Esta terapia es una combinación de piedras calientes de
lava basáltica y piedras frías de mármol, que se aplican
sobre puntos determinados del cuerpo y se usan para
masajear zonas especiales.
La dinastía china Shang ya usaba piedras con fines
terapéuticos; los romanos tras un baño caliente se
tumbaban sobre mármol frío para disminuir los dolores y
relajarse; las indias de América se colocaban piedras
calientes sobre el vientre para aliviar dolores
menstruales y con esta misma técnica los monjes japoneses
favorecían el ayuno.
Calientes y frías
Llas piedras basálticas son rocas volcánicas oscuras y
densas, que cuanto más oscuras son, como la lava de Hawaii,
mayor es su contenido de hierro y más tiempo retienen el
calor, lo que hace que aumente su poder magnético y por lo
tanto sus bondades, entre las que destaca la dilatación de
los vasos sanguíneos y linfáticos.
Las piedras frías suelen ser de mármol paquistaní y
entre sus propiedades mejoran el aspecto de la piel, la
revitalizan y le dan firmeza, además de conseguir una
relajación total.
Generalmente, durante la terapia o masaje con piedras,
se usan más de 60 rocas volcánicas diferentes, que
alcanzan los 60 °C sin quemar la piel.
Tratamiento con lava volcánica
Exfoliación. Se aplica sobre el cuerpo una exfoliación
a base de granos de girasol tostado y aceites esenciales
de tomillo, clavo y limón, para eliminar las células
muertas de la piel y dejarla en óptimas condiciones para
que reciba la energía de las piedras.
Remineralización. Se remineraliza la piel con un
concentrado de polvos de fonolita y abedul, rico en
oligoelementos, que estimula el metabolismo celular.
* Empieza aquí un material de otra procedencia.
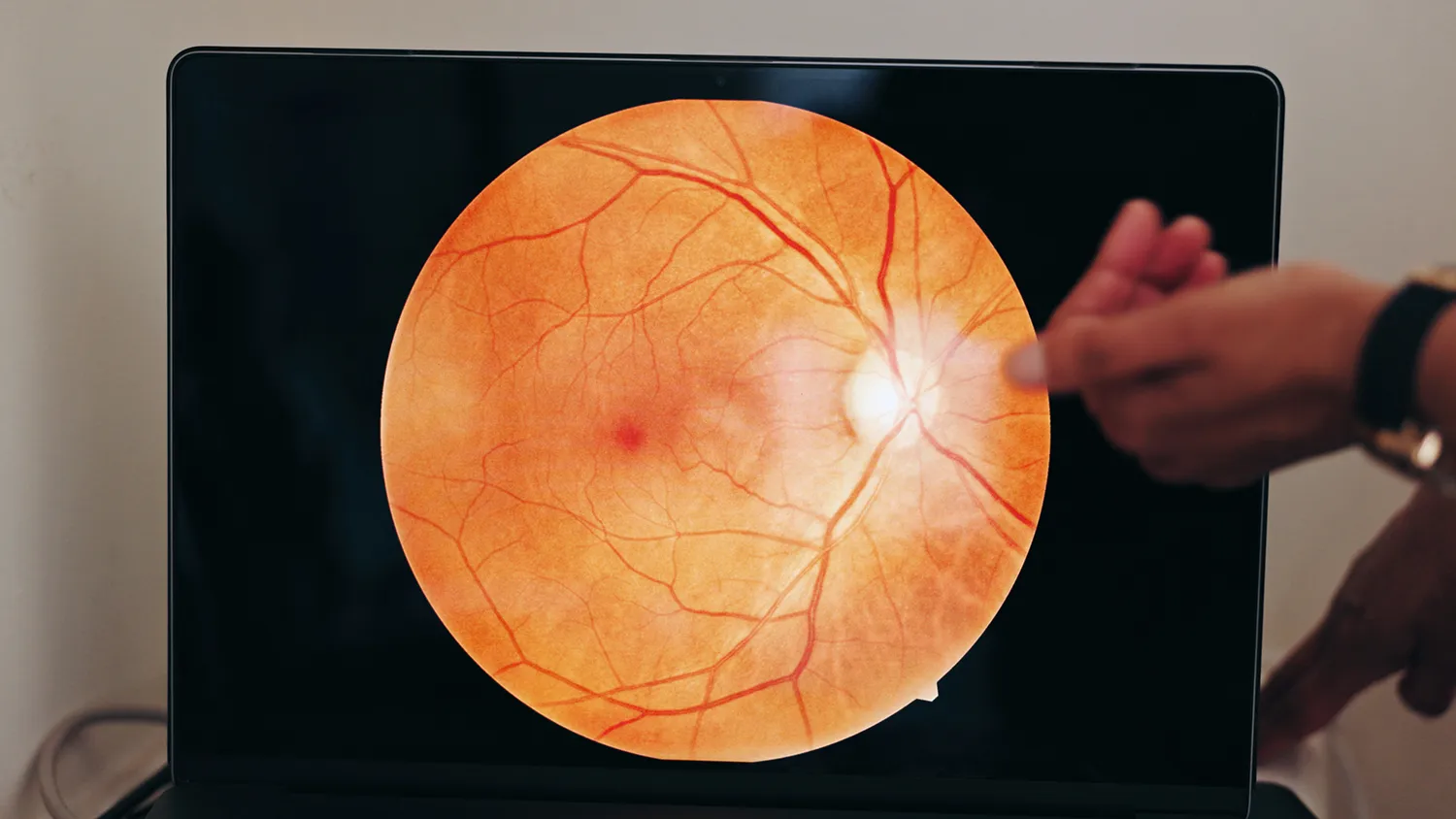 Retina scan used to evaluate patients for inherited retinal diseases clinical trials at Equity Medical.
Masaje. Se realiza el masaje con piedras calientes. La
roca basáltica transmite al organismo energía y calor, con
esto se relaja el cuerpo, se elimina la tensión, fluye la
energía, y se ilumina y se oxigena la piel.
El masaje
Se combina la técnica del masaje tradicional con las
manos y la colocación de piedras calientes de lava
basáltica de Arizona para dilatar los vasos sanguíneos y
linfáticos y estimular la circulación, así como rocas
frías de mármol paquistaní para conseguir la relajación.
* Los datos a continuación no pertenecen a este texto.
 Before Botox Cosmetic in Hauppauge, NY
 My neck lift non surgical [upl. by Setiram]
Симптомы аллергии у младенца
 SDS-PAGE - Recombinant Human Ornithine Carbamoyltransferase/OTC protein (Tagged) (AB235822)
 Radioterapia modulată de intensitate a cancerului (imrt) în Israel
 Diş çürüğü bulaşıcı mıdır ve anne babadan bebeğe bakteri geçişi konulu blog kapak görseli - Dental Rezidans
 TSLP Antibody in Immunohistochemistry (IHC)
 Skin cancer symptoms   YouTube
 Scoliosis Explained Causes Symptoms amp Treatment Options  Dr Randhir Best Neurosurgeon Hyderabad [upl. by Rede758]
Las primeras se calientan en un horno y las segundas se
enfrían en el congelador o con hielo. Ambas piedras
aportan firmeza y luminosidad a la piel.
Durante una sesión, el terapeuta coloca piedras sobre
los puntos energéticos del organismo de la paciente: a lo
largo de la columna vertebral, el abdomen, la frente, las
manos y los dedos de los pies, sin olvidar una piedra
pequeña sobre el tercer ojo, situado en el centro de la
frente. Luego aplica un aceite esencial y masajea.